I video pubblicati questo mese sul canale YouTube ufficiale di Will Smith mostravano un pubblico numeroso che scandiva il suo nome e agitava le mani all’unisono durante le esibizioni. Ma alcuni spettatori e utenti dei social media hanno subito suggerito che il filmato potesse essere stato generato digitalmente, sottolineando i difetti tecnici e i movimenti ripetitivi e uniformi dei fan sullo sfondo.
Queste affermazioni hanno alimentato le speculazioni sul fatto che il tour di ritorno di Will Smith potrebbe non attirare il tipo di sostegno spontaneo che sperava.
“Ok, questo tizio ha sicuramente una fissazione per l’umiliazione”, è scritto in un commento sul suo canale YouTube. “Non c’è altra spiegazione per il rilascio di una folla di abomini generati dall’intelligenza artificiale che reggono cartelli con errori ortografici su come lui abbia salvato loro la vita”.
“Immagina di essere così ricco e famoso e di dover usare filmati generati dall’intelligenza artificiale di folle e commenti automatici sui tuoi video”, ha scritto un altro commentatore. “Tragico, amico. Una volta eri figo”.
I rappresentanti di Will Smith non hanno risposto pubblicamente alle critiche. I video, tuttavia, rimangono online.
Io, robot?
Il presunto uso di folle generate dall’intelligenza artificiale arriva in un momento delicato per Will Smith, 56 anni, che ha debuttato nel mondo della musica a metà degli anni ’80 come membro del duo hip-hop DJ Jazzy Jeff & The Fresh Prince.
Lo stile pulito e narrativo del gruppo ha contribuito a portare il rap nel mainstream, con successi come “Parents Just Don’t Understand” e “Summertime” che hanno vinto un Grammy, rendendo Smith una delle voci rap più riconoscibili della sua generazione.
Dopo il passaggio alla recitazione, la carriera cinematografica di Will Smith ha eclissato la sua produzione musicale, anche se ha continuato a pubblicare album da solista tra la fine degli anni ‘90 e l’inizio degli anni 2000. Brani come “Gettin’ Jiggy wit It” e “Miami” hanno consolidato il suo status di crossover come uno dei pochi rapper in grado di dominare sia le classifiche che il botteghino hollywoodiano.

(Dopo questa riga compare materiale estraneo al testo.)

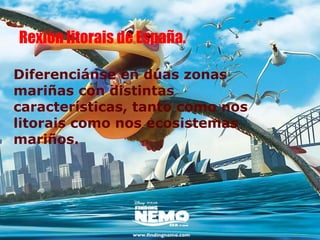 Rexión litorais de España.

Diferenciánse en dúas zonas
mariñas con distintas
características, tanto como nos
litorais como nos ecosistemas
mariños.
 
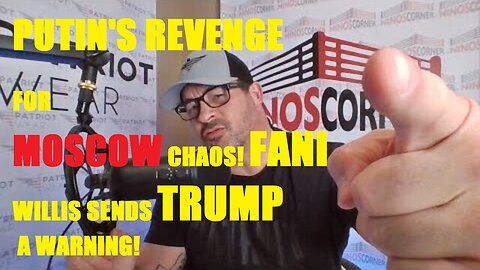 PUTIN'S REVENGE FOR MOSCOW CHAOS! FANI WILLIS SENDS TRUMP A WARNING!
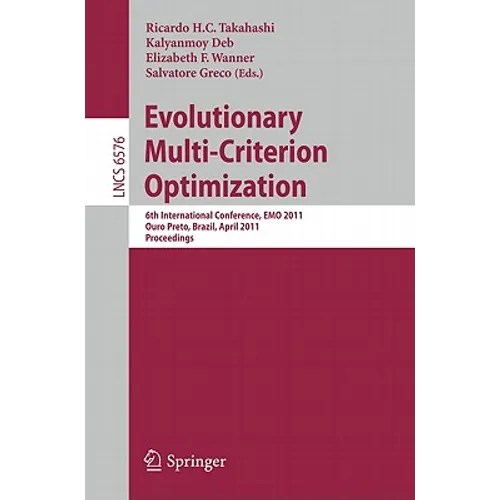 Evolutionary Multi-Criterion Optimization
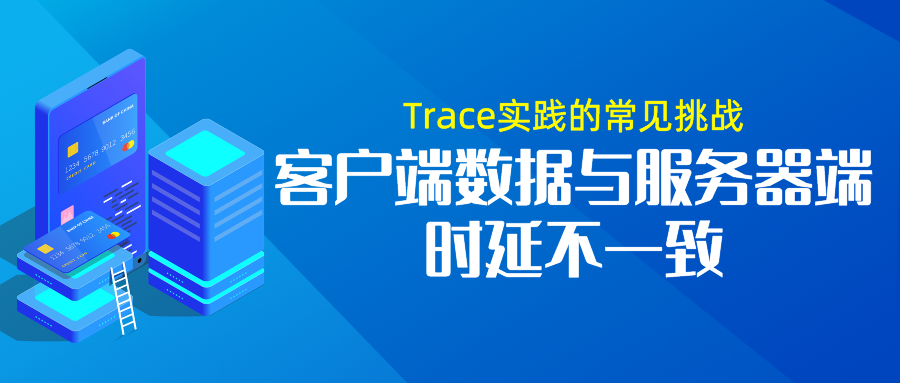 Trace实践的常见挑战：客户端数据与服务器端时延不一致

Ma non pubblica un progetto rap importante da più di un decennio.
La sua ultima incursione nel mondo della musica arriva nel contesto di un più ampio tentativo di ricostruire la sua immagine pubblica dopo gli Oscar del 2022, quando ha colpito il comico Chris Rock sul palco dopo una battuta su sua moglie, Jada Pinkett Smith.

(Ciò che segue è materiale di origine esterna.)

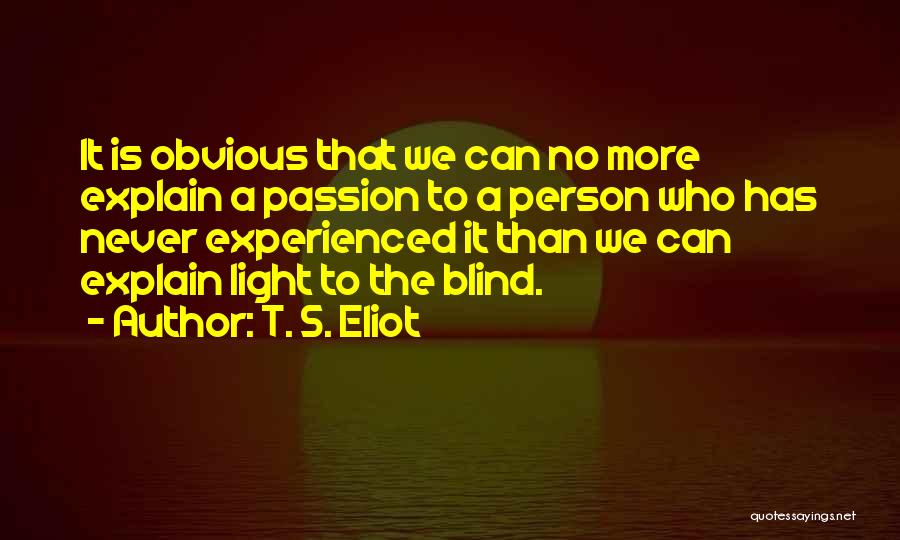 T. S. Eliot Quotes: It Is Obvious That We Can No More Explain A Passion To A Person Who Has Never Experienced It Than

L’incidente ha portato a un divieto di 10 anni di partecipare agli Oscar e ha scatenato un’ondata di reazioni negative che hanno drasticamente ridotto le nuove opportunità. Anche se Smith è tornato a recitare, più recentemente con l’uscita di “Bad Boys: Ride or Die“, l’ombra della lite continua a persistere.
Sebbene sia logico che Will Smith possa tornare alle sue origini rap per riprendere il controllo della narrazione che circonda la sua carriera, la controversia sull’intelligenza artificiale rischia di minare questo sforzo. L’uso di un pubblico sintetico suggerisce una mancanza di fiducia nel proprio potere di attrazione, e questo potrebbe danneggiare il suo tentativo di apparire autentico. Attualmente Will Smith è in tour nel Regno Unito.